Stored entries
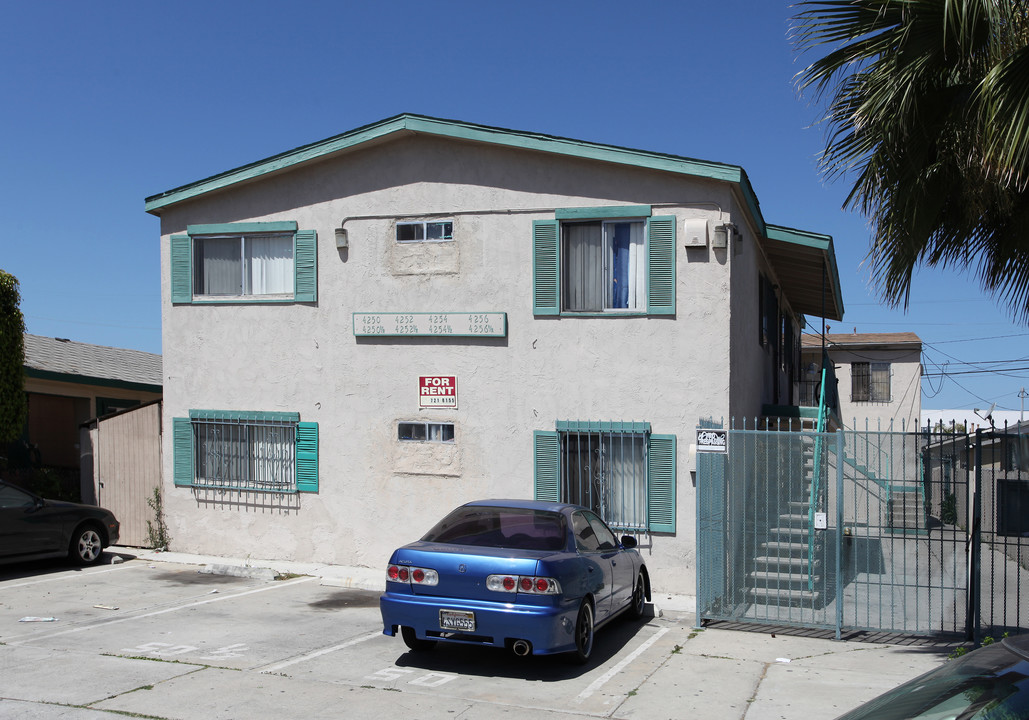 4250-4256 Marlborough Ave in San Diego, CA - Building Photo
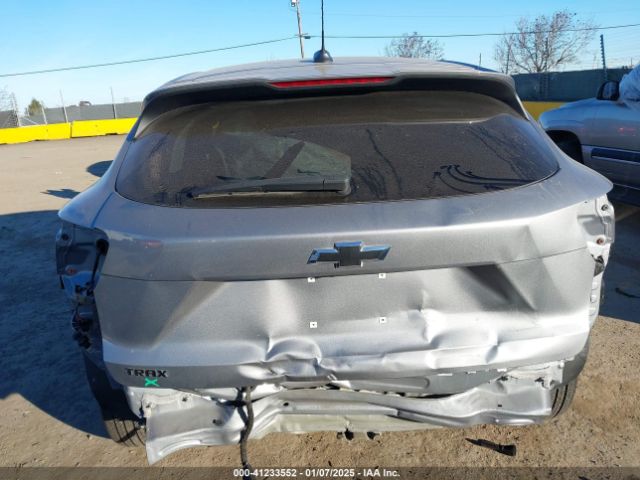 KL77LFE2XRC142318 Chevrolet Trax Fwd Sp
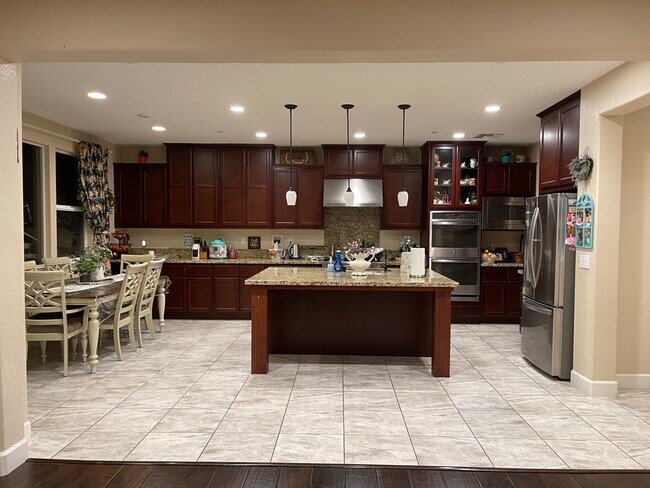 Building Photo - 486 Glenbrook Dr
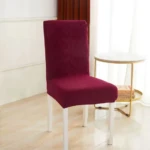 Funda de silla protectora gruesa, color vino tinto, textura acanalada, moderna.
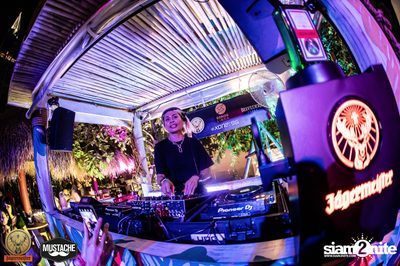 Jagermeister presents Mustache Takeover กับ Nakadia ที่ Escape Bangkok — photo 216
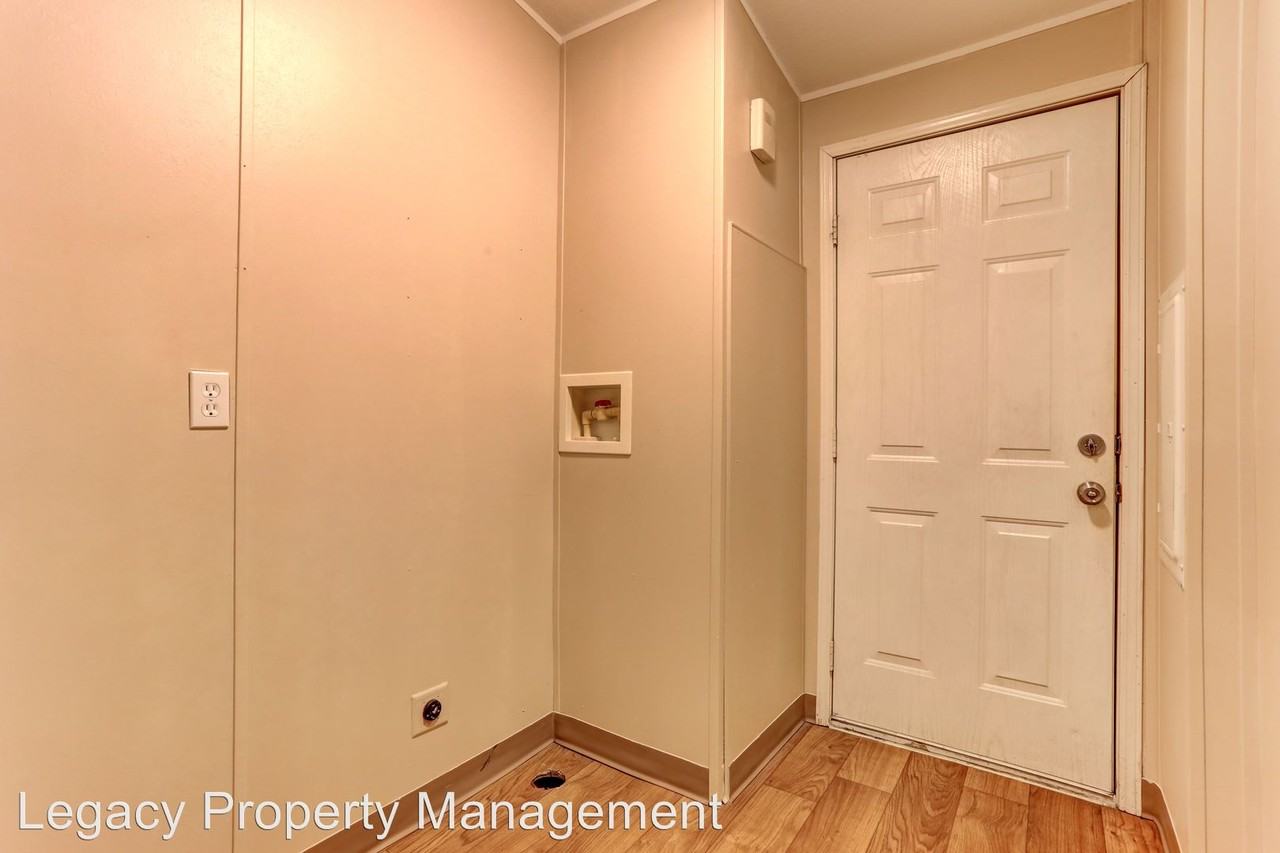 2965 NE 206th Ave - Photo 2 of 28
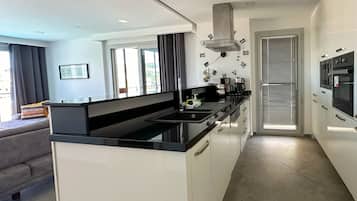 Kühlschrank, Mikrowelle, Ofen, Geschirrspüler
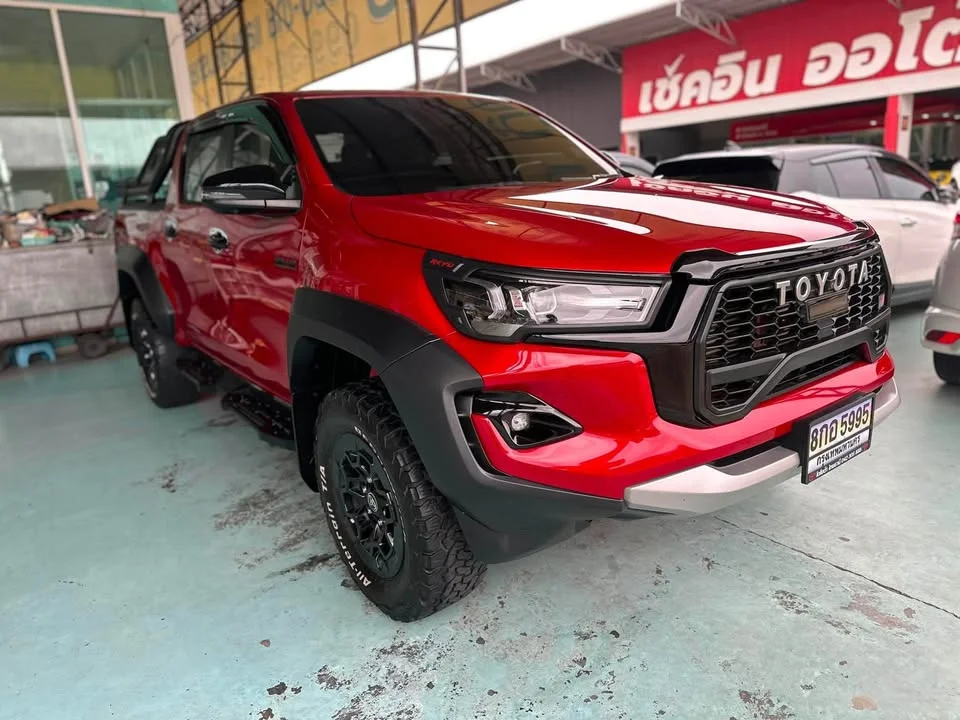 2024 Toyota Hilux VIII 2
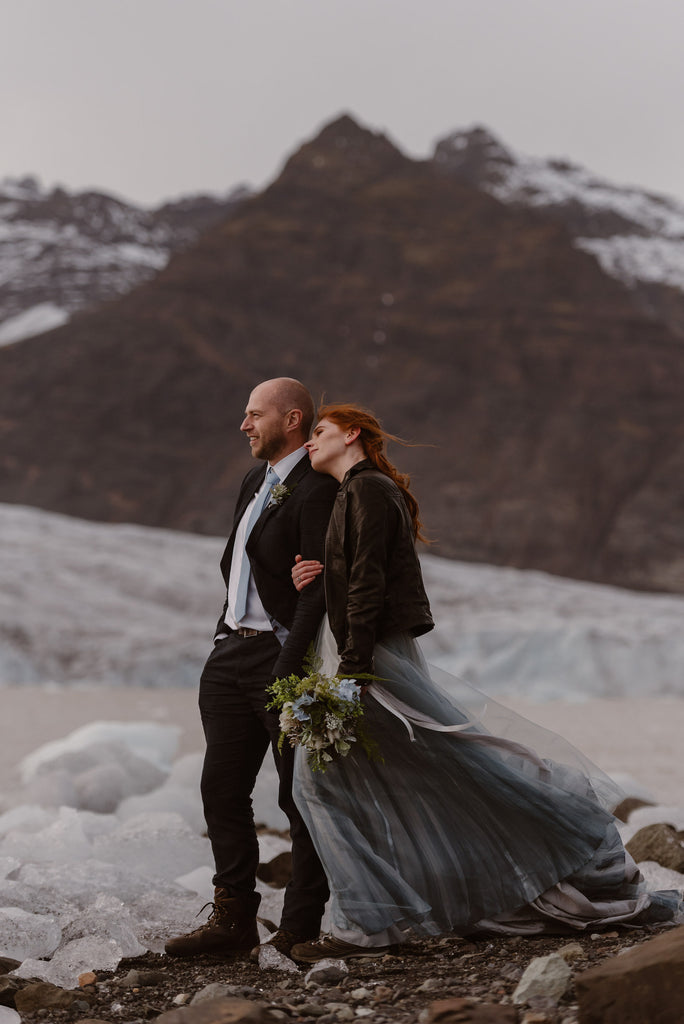 Bride and groom in winter wedding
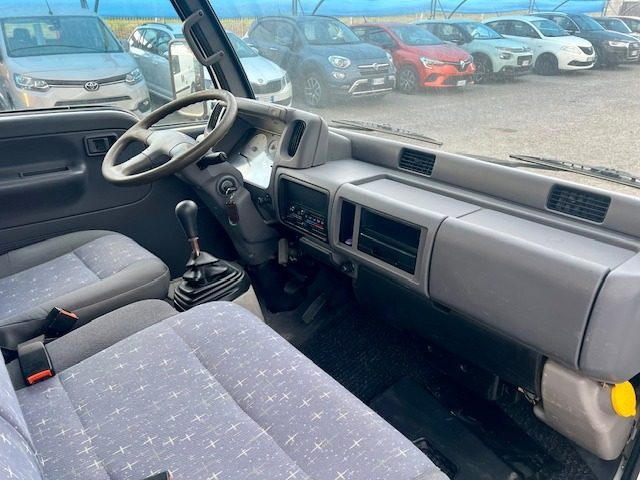 NISSAN Cabstar usata 7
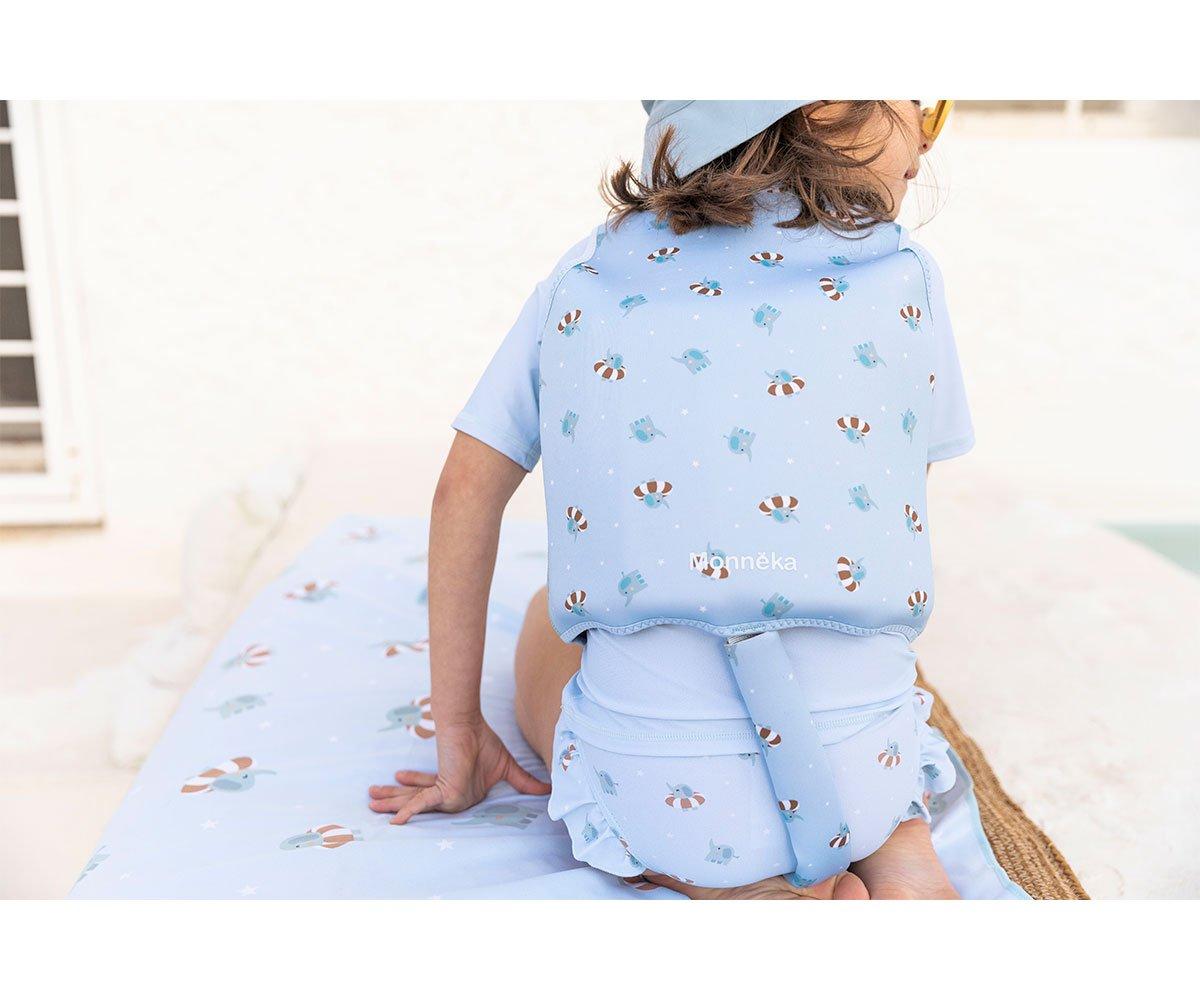 Roupa de bebé azul claro com padrão de animais marinhos, vista de costas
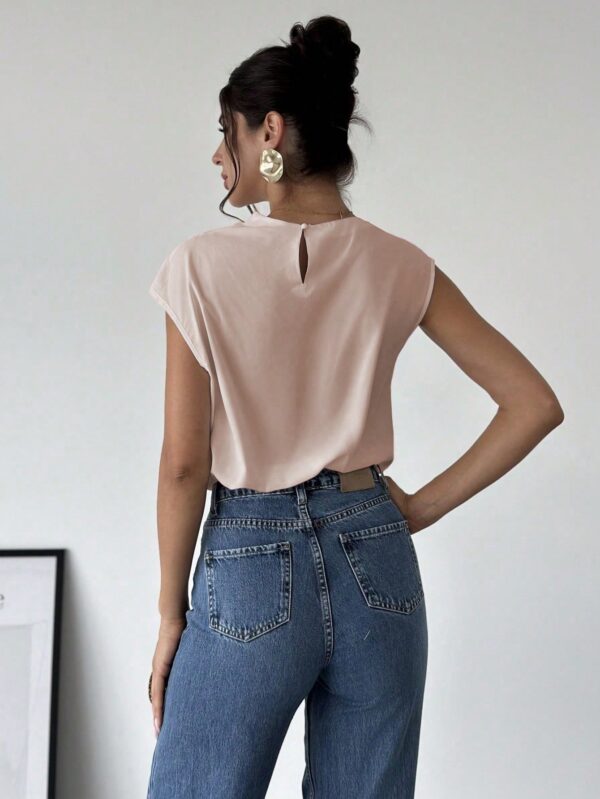 Blusa Elegante Asimétrica con Cuello Mao y Pliegues - Image 15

REQUIRED WORK:
Your task is to set down exactly the lines that run from the line holding "2024 Toyota Hilux VIII 2" through the close of the entries, including both ends. Pictures stay out.

OUTPUT FOR THIS TASK:
 2024 Toyota Hilux VIII 2
 Bride and groom in winter wedding
 NISSAN Cabstar usata 7
 Roupa de bebé azul claro com padrão de animais marinhos, vista de costas
 Blusa Elegante Asimétrica con Cuello Mao y Pliegues - Image 15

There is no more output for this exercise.